> [Work required] Repeat all of the data word for word so that only the pictures are missing from the copy.

> [Given information]
------------------------------------------------------------

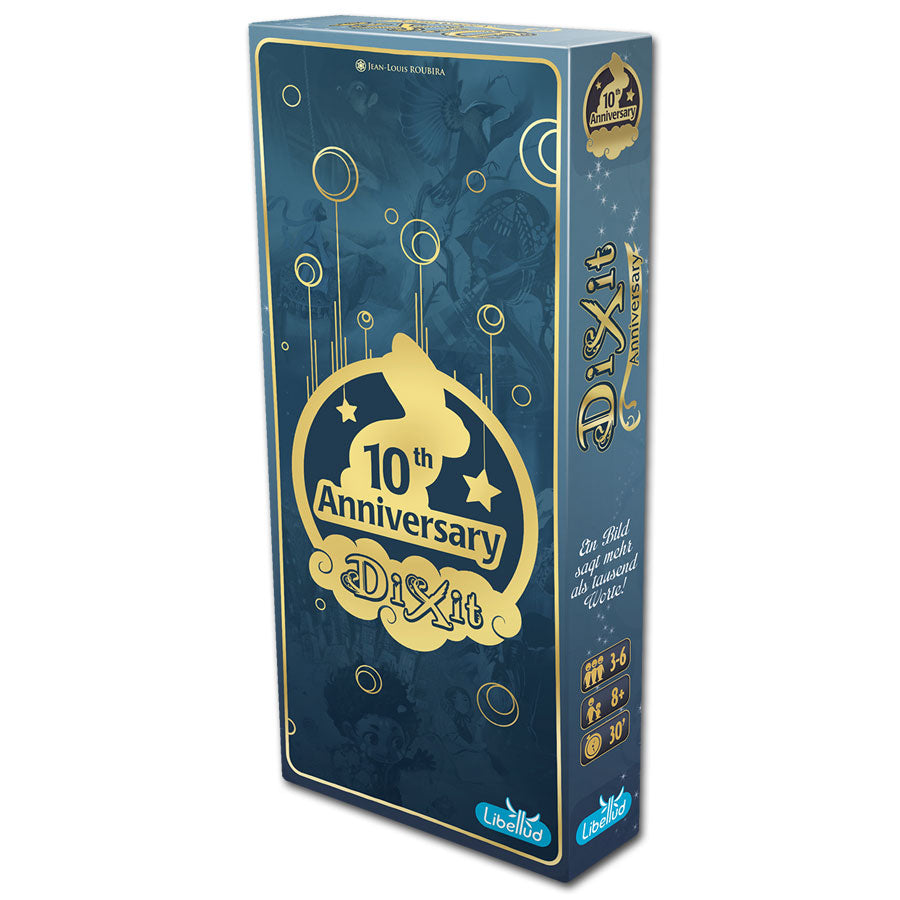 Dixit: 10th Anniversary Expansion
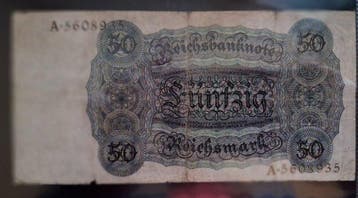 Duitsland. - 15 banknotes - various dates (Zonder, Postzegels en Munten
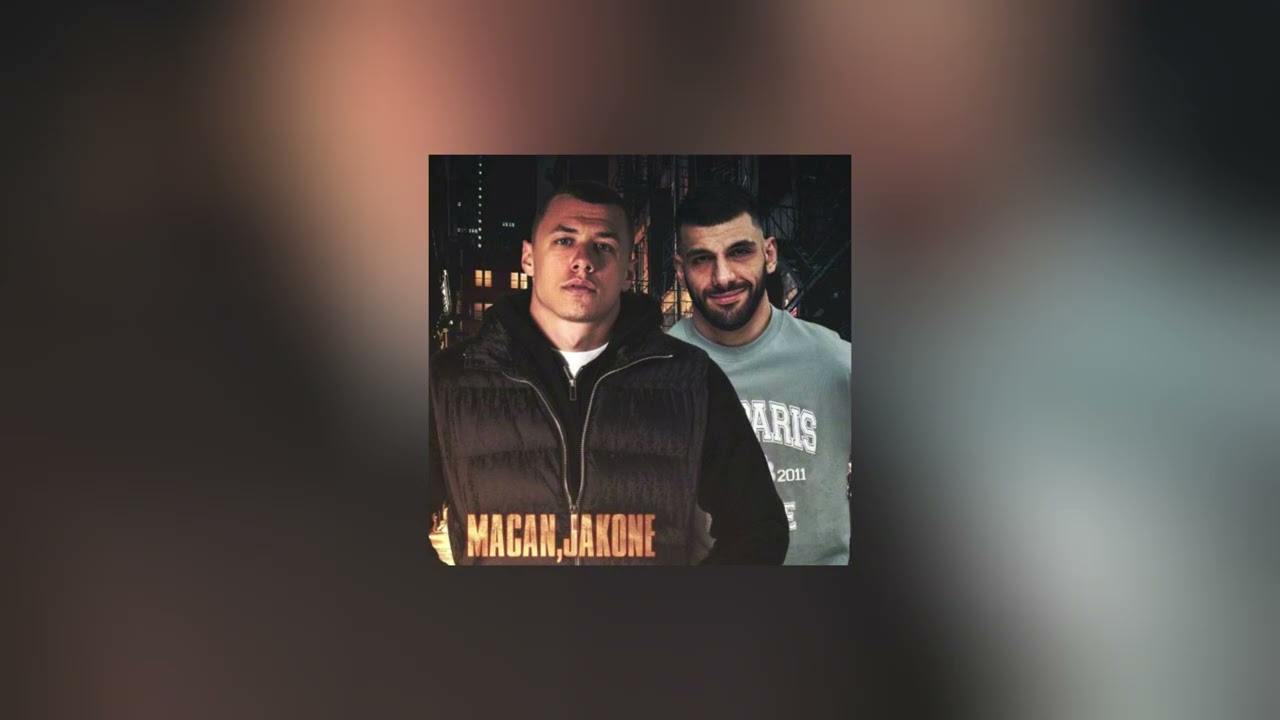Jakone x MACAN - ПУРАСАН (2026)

------------------------------------------------------------

> [Exercise result]
 Dixit: 10th Anniversary Expansion
 Duitsland. - 15 banknotes - various dates (Zonder, Postzegels en Munten
Jakone x MACAN - ПУРАСАН (2026)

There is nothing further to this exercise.